偏平足

里山の石神・石仏探訪

里山の石神端書284閻魔王、地蔵(茨城県行方市石橋)

2024年04月23日 | 里山石神端書

行方市石橋・養源寺の閻魔、地蔵


 行方(なめかた)市は西の霞ヶ浦と東の北浦に挟まれた古くて新しい市。西浦に流れ出し雁通川周辺を訪ねました。初めは石神集落の養源寺。

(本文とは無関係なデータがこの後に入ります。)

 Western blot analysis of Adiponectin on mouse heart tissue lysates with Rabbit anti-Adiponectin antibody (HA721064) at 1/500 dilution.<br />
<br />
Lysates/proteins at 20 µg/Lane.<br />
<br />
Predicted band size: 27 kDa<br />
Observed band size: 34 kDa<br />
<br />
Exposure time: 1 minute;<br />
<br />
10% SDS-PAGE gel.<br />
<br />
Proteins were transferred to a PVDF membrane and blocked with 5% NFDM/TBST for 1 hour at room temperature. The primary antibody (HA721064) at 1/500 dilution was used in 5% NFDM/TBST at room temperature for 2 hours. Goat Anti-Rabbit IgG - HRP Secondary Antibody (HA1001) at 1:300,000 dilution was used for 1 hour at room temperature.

 養源寺は、山門に変わりに石柱を台座しその上に石仏を乗せて対にした所が入口。石仏は閻魔王と地蔵菩薩。寺の境内に閻魔と奪衣婆、あるいは六地蔵が並ぶ光景はよく見ますが、山門がわりに閻魔と地蔵が座すのは初めてです。
 寺に向かって左側の像は、風化のため表情はわかりませんが冥府の裁判官十王の着衣である道服(道教の道士の服装)姿なので十王であり、その中心の閻魔王としました。本来なら笏を持つのですが、これも欠けています。石柱には篆書で「禁葷酒」銘がありますからこれは結界石も兼ねています。養源寺は禅宗・曹洞宗の寺でした。
 右は右手に錫杖左手に宝珠を持ち、左足を踏み出そうとする延命地蔵です。地蔵菩薩は六道に苦しむ亡者の救済仏ですが、閻魔王の本地仏ともされています。
 大護八郎氏の『石神信仰』(注)では、閻魔王の本地仏は『地蔵菩薩発心因縁十王経』が出典と紹介されています。

 境内には薬師堂もありました。



 堂内の中央に薬師如来、その両脇の4段の祭壇に木彫仏が並んでいます。最上部に薬師如来脇には日光・月光菩薩、その脇の2段3段に十二神将。ところが十二神将は11体で、1体は不動と神像の像容です。神像は十王の一王のようでもあります。養源寺は留守でこの件は聞くことができませんでしたが想像するに、かつてこの寺には十王を祀る十王堂があったのでは、と思いました。